A primary target of the \Euclid space mission is to constrain early-universe physics by searching for deviations from a primordial Gaussian random field. A significant detection of primordial non-Gaussianity would rule out the simplest models of cosmic inflation and transform our understanding of the origin of the Universe. This paper forecasts how well field-level inference of galaxy redshift surveys can constrain the amplitude of local primordial non-Gaussianity ($f_{NL}$), within a Bayesian hierarchical framework, in the upcoming \Euclid data. We design and simulate mock data sets and perform Markov chain Monte Carlo analyses using a full-field forward modelling approach. By including the formation history of the cosmic matter field in the analysis, the method takes into account all available probes of primordial non-Gaussianity, and goes beyond statistical summary estimators of $f_{NL}$. Probes include, for example, two-point and higher-order statistics, peculiar velocity fields, and scale-dependent galaxy biases. Furthermore, the method simultaneously handles systematic survey effects, such as selection effects, survey geometries, and galaxy biases. The forecast shows that the method can reach precision levels of up to $\sigma (f_{NL}) = 2.3$ (68.3\% CI, and at the grid resolution $\Delta L = 62.5\,h^{-1}$Mpc) with \Euclid data.

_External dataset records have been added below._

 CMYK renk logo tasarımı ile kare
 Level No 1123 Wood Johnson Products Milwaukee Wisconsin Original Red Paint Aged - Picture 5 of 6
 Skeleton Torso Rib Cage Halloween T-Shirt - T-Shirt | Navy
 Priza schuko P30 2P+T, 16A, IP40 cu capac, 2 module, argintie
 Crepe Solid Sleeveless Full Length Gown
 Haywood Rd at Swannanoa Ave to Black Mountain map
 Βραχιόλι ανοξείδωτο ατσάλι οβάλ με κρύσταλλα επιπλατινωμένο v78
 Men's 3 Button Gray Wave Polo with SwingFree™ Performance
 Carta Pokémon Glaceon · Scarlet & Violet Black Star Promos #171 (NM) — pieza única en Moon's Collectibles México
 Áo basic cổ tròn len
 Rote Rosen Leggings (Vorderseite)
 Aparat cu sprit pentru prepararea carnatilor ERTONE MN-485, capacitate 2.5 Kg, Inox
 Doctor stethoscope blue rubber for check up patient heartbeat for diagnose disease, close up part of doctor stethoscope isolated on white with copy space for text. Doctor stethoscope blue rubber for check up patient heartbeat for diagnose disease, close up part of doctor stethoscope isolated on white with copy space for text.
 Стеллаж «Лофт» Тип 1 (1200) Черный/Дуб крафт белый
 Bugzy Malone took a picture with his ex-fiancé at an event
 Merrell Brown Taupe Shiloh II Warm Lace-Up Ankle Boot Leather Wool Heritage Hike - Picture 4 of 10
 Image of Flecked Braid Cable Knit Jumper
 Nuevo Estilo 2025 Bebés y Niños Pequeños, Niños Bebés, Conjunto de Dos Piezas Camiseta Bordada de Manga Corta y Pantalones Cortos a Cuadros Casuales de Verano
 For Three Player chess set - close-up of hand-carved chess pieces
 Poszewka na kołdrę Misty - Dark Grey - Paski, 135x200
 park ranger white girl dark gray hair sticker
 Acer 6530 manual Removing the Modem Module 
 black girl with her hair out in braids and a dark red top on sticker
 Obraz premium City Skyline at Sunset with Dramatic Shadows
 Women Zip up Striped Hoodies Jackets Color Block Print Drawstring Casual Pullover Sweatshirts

We also provide data products, including realistic $N$-body simulations with nonzero values of $f_{NL}$ and maps of adiabatic curvature fluctuations. The results underscore the feasibility and advantages of field-level inference to constrain $f_{NL}$ in galaxy redshift surveys. Our approach consistently captures all the information available in the large-scale structure to constrain $f_{NL}$, and resolves the degeneracy between early-universe physics and late-time gravitational effects, while mitigating the impact of systematic and observational effects.